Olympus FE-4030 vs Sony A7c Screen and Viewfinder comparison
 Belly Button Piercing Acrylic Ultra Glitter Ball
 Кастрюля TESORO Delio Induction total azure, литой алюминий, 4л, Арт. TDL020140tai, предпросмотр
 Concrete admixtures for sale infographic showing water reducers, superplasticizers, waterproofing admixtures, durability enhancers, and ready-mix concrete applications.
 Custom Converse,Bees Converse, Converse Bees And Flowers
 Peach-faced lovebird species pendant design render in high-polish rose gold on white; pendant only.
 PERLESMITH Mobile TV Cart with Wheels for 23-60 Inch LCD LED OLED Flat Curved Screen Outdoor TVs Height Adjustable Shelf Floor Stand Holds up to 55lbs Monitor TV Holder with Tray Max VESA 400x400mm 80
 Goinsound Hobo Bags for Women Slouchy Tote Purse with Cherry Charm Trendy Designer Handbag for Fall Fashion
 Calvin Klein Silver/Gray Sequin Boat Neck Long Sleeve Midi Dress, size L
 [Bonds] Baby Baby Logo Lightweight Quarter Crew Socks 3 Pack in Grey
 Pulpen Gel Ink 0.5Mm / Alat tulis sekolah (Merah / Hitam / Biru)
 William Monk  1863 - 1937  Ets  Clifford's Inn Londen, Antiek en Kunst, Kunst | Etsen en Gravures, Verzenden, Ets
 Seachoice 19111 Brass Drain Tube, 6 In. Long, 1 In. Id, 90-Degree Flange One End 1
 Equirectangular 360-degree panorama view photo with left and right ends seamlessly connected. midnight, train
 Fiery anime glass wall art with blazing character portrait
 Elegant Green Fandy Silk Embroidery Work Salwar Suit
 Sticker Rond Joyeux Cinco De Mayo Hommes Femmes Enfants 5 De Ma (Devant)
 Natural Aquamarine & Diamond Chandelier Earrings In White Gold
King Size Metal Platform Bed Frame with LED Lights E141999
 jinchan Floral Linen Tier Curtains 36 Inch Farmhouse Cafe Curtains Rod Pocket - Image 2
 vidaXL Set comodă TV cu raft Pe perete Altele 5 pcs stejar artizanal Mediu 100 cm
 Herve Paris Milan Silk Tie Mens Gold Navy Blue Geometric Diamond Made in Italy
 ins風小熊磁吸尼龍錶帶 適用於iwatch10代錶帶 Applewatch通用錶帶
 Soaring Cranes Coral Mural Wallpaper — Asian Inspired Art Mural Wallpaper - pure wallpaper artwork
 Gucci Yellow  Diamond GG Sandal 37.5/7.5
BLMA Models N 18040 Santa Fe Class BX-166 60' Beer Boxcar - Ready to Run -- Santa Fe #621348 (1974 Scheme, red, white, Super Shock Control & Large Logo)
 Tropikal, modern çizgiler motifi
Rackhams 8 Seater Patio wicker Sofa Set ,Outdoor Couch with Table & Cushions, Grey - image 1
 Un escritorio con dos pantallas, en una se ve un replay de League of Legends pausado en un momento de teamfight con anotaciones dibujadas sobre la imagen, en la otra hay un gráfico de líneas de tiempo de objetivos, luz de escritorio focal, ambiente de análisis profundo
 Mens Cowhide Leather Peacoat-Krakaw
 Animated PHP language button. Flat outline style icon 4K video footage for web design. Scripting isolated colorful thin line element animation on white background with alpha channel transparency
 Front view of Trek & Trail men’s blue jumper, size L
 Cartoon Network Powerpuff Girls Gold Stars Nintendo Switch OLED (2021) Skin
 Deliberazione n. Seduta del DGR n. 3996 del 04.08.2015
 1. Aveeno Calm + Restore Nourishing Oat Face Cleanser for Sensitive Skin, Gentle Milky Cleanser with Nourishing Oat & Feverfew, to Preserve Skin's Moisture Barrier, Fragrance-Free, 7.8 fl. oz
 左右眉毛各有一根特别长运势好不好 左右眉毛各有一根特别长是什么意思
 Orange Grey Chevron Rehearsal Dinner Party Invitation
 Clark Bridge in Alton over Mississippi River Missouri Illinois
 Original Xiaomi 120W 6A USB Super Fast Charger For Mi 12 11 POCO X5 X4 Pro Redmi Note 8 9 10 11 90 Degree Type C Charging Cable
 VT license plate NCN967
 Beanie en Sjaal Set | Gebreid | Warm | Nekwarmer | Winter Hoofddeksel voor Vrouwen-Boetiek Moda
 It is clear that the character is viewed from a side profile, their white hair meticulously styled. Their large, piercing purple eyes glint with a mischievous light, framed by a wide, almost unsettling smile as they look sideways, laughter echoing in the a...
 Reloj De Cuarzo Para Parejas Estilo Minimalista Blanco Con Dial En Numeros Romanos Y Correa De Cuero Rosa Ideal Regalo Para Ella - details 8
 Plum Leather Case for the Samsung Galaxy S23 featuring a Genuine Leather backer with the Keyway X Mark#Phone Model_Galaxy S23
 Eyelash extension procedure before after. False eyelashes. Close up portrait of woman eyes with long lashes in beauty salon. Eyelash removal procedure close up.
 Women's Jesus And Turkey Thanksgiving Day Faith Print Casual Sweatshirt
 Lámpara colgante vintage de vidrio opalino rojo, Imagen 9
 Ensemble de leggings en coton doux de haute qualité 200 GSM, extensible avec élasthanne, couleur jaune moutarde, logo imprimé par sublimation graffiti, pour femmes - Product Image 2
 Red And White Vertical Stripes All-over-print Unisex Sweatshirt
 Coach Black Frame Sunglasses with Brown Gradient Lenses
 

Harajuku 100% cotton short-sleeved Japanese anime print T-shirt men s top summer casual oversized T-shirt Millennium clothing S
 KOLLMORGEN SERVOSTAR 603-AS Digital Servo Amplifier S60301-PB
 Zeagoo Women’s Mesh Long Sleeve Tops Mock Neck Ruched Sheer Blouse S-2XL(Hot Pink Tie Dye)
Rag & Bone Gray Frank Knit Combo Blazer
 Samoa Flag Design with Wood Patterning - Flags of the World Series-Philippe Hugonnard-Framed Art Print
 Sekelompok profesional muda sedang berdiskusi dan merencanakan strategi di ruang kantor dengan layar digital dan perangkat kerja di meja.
══════
Restate word for word the entries above, starting at the line with "jinchan Floral Linen" and ending at the line with "VT license plate NCN967", inclusive, and no others.

 jinchan Floral Linen Tier Curtains 36 Inch Farmhouse Cafe Curtains Rod Pocket - Image 2
 vidaXL Set comodă TV cu raft Pe perete Altele 5 pcs stejar artizanal Mediu 100 cm
 Herve Paris Milan Silk Tie Mens Gold Navy Blue Geometric Diamond Made in Italy
 ins風小熊磁吸尼龍錶帶 適用於iwatch10代錶帶 Applewatch通用錶帶
 Soaring Cranes Coral Mural Wallpaper — Asian Inspired Art Mural Wallpaper - pure wallpaper artwork
 Gucci Yellow  Diamond GG Sandal 37.5/7.5
BLMA Models N 18040 Santa Fe Class BX-166 60' Beer Boxcar - Ready to Run -- Santa Fe #621348 (1974 Scheme, red, white, Super Shock Control & Large Logo)
 Tropikal, modern çizgiler motifi
Rackhams 8 Seater Patio wicker Sofa Set ,Outdoor Couch with Table & Cushions, Grey - image 1
 Un escritorio con dos pantallas, en una se ve un replay de League of Legends pausado en un momento de teamfight con anotaciones dibujadas sobre la imagen, en la otra hay un gráfico de líneas de tiempo de objetivos, luz de escritorio focal, ambiente de análisis profundo
 Mens Cowhide Leather Peacoat-Krakaw
 Animated PHP language button. Flat outline style icon 4K video footage for web design. Scripting isolated colorful thin line element animation on white background with alpha channel transparency
 Front view of Trek & Trail men’s blue jumper, size L
 Cartoon Network Powerpuff Girls Gold Stars Nintendo Switch OLED (2021) Skin
 Deliberazione n. Seduta del DGR n. 3996 del 04.08.2015
 1. Aveeno Calm + Restore Nourishing Oat Face Cleanser for Sensitive Skin, Gentle Milky Cleanser with Nourishing Oat & Feverfew, to Preserve Skin's Moisture Barrier, Fragrance-Free, 7.8 fl. oz
 左右眉毛各有一根特别长运势好不好 左右眉毛各有一根特别长是什么意思
 Orange Grey Chevron Rehearsal Dinner Party Invitation
 Clark Bridge in Alton over Mississippi River Missouri Illinois
 Original Xiaomi 120W 6A USB Super Fast Charger For Mi 12 11 POCO X5 X4 Pro Redmi Note 8 9 10 11 90 Degree Type C Charging Cable
 VT license plate NCN967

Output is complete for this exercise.